# Tool advice for beginner



## pjb2357 (Sep 3, 2013)

Hello. I've been woodworking for a few years now, mostly turning and furniture. One of my recent projects was an adarondack chair for lounging in my back porch. While out there lazing in the evening sun it occurred to me that this would a perfect place to work on carving! I've decided I'd like to try woodspirits and greenmen. I've ordered s book on the subject and have been poking around online. While lots of people discuss how to execute these carvings they don't mention the tools used. Presumably they will be mentioned in the book, but I happen to be in s city today and would like to pickup some tools before I retreat to the backwater I call home. I currently have the following:

2 carving and 2 detail knives
2/5 flat gouge
7/6 medium gouge
9/4 deep gouge
1S/8skew chisel
12/8mm - 60° V tool
Strip and compound.

I'm planning to pick up a 9/6 deep and s veiner.
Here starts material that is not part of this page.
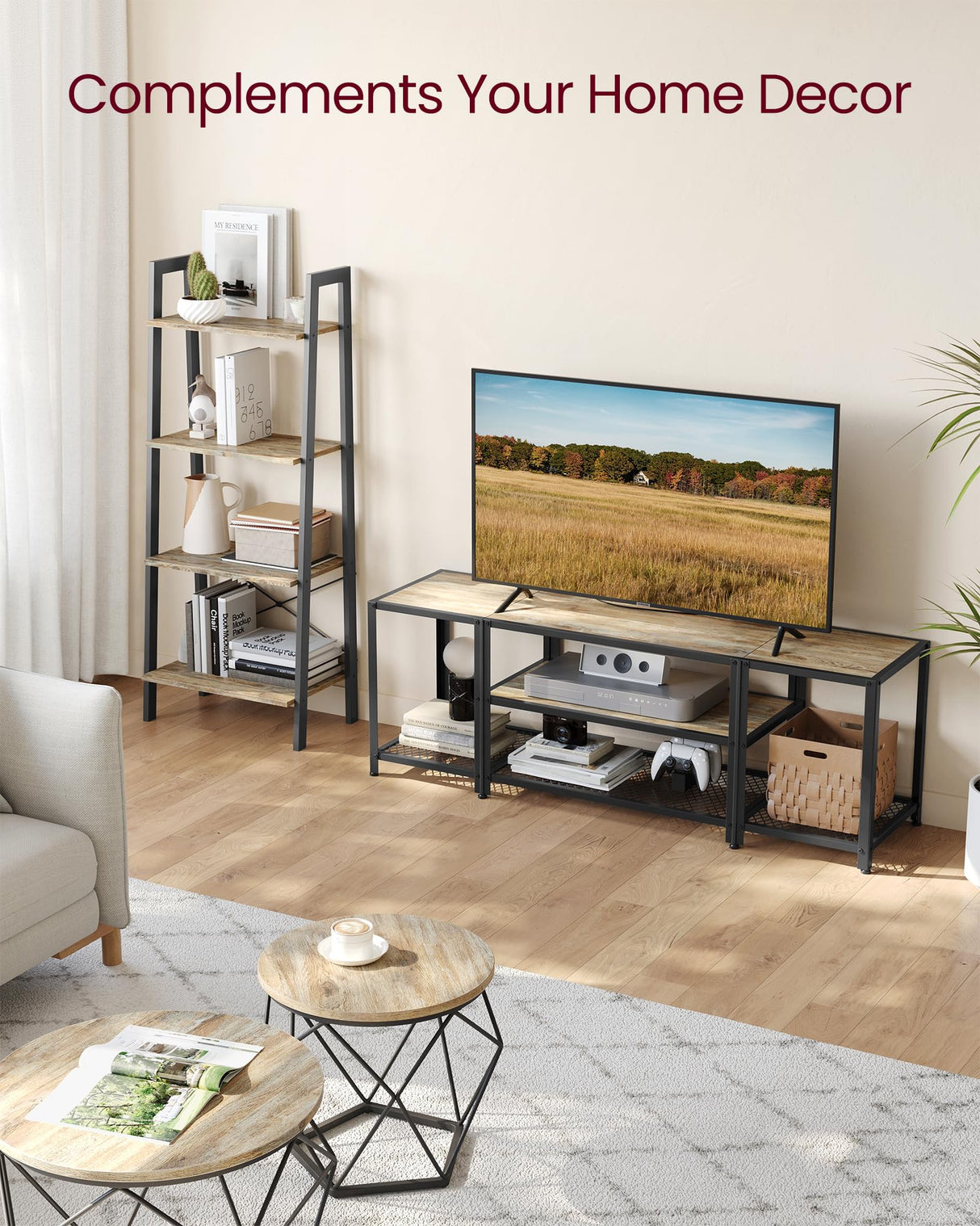 VASAGLE Modern TV Stand for TVs up to 65 Inches, 3-Tier Entertainment Center, Industrial TV Console Table with Open Storage Shelves, for Living Room, Bedroom, Turquoise Brown and Black ULTV097B60 VASAGLE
I don't get out this way often so I'm taking any and all recommendations for other useful tools for the beginner.

Also, is the strop sufficient or do I need to pickup some stones? If I need stones, then any advice there would be appreciated.

Thanks,
Paul


----------



## GaryC (Dec 31, 2008)

This would be a good place to ask your questions.

http://lumberjocks.com/forums/15


----------



## ClaudeF (Sep 22, 2013)

The tools you have are a good starting point for wood spirits/greenmen. In addition to your strop, you can easily make a strop for the inside of the gouges by buying an appropriately-sized dowel, then rubbing the compound directly on the dowel. Use a pulling motion away from the cutting edge with it. This is done after regular stropping to just catch any little "wire edges" that might be on the inside of the gouge.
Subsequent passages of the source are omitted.